Mayor's office says the auditorium is 'just one of many options we are considering'

The Municipal Auditorium has had many uses during its 88-year history: concert hall, home of Carnival balls, basketball arena and hockey stadium, and casino.

Now, if a new idea from Mayor LaToya Cantrell takes shape, the newest use could be as the home to city government.

Cantrell made a surprise announcement on Tuesday during a Bureau of Governmental Research breakfast that she would like to move City Hall to the mothballed auditorium. She provided few details, however, and declined to discuss it later.

“I don’t want to discuss that right now,” Cantrell said during an unrelated event. “It’s a plan in the works.

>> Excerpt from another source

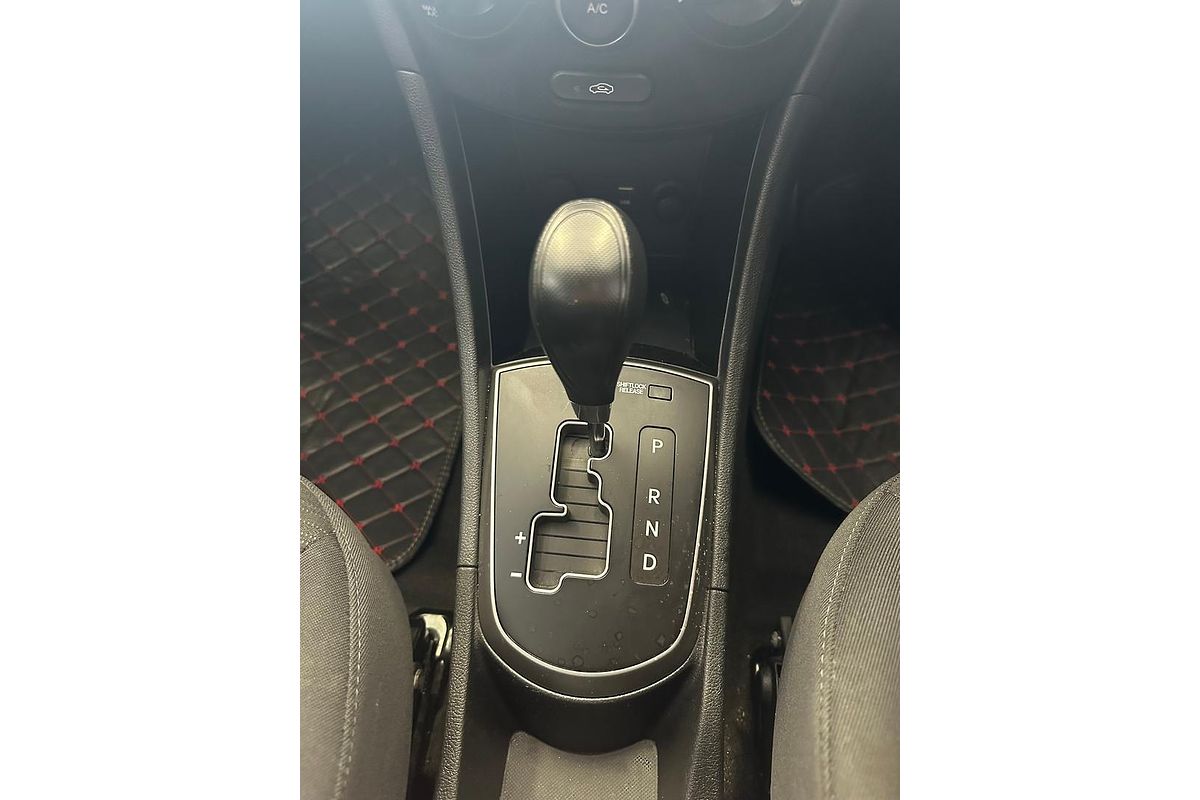 2015 Hyundai Accent Active RB3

But it’s really exciting.”

Later Tuesday evening, a spokeswoman for Cantrell released a statement that said the idea of moving City Hall to the old auditorium is "just one of many options we are considering."

"However, every option is still on the table," the statement said. "This can’t be a decision made in a vacuum. It has to be a public decision and a thorough process."

The biggest question is how the city might pay for what would be a major retrofitting of the auditorium, which has been vacant and deteriorating since Hurricane Katrina damaged it 13 years ago.

Since the storm the city has haggled with FEMA about money to restore the building. In March 2017, FEMA agreed to provide $41 million for that work. The agency and City Hall, however, went to arbitration since the city said it needed more than $80 million for what it described as storm damage.

FEMA said Tuesday that the city lost nearly $2.5 million during the arbitration process and instead will now get $38.3 million for the work.

City Council President Jason Williams noted that the current City Hall is aging and getting more expensive to repair.

“We need to think outside of the box,” he said, adding that it would not be an easy move, especially not knowing about the financing. “Whatever is done has to not only be good for the people who work inside of city government; it’s got to be good for the community surrounding that area.”

Leo Watermeier, a longtime advocate for the auditorium and Armstrong Park, said the idea is not a good fit for the building or the park in which it sits.

“Armstrong Park is not an office park,” he said. “Parks are for recreation, entertainment, cultural events. That’s why the Municipal Auditorium was built -- for those purposes. … We don’t want to bring a large office building into Armstrong Park.”

He said he believes the building can still serve its original purpose, despite a large number of theaters and entertainment venues that have opened in the city since Katrina.

“We just think it needs to be restored and marketed and managed properly and it will be very successful,” Watermeier said.

Cantrell is not the first mayor to propose moving City Hall, and if history is any indication, the move would be a longshot at best.

In 1992, Sidney Barthelemy pitched the idea of tearing down the current City Hall, which opened in the 1950s, and building a sports arena on the site. That plan called for building to a new facility across the street from the Municipal Auditorium.

In 2009, the City Council voted down a proposal by former Mayor Ray Nagin to buy a skyscraper at Gravier and O’Keefe streets in the Central Business District which would be remade into City Hall.

Nagin argued that the current building would cost nearly $40 million to renovate and was too small for all city offices to be under one roof, which he said costs the city at least $1 million a year in rent.

Then in 2013, Mitch Landrieu suggested moving it to the former Charity Hospital, a building he envisioned as a consolidated consolidate home city government with Municipal Court.

HRI Properties, which is one of two companies seeking to rehabilitate the vacant hospital, has suggested once again that the building could once again be a new City Hall.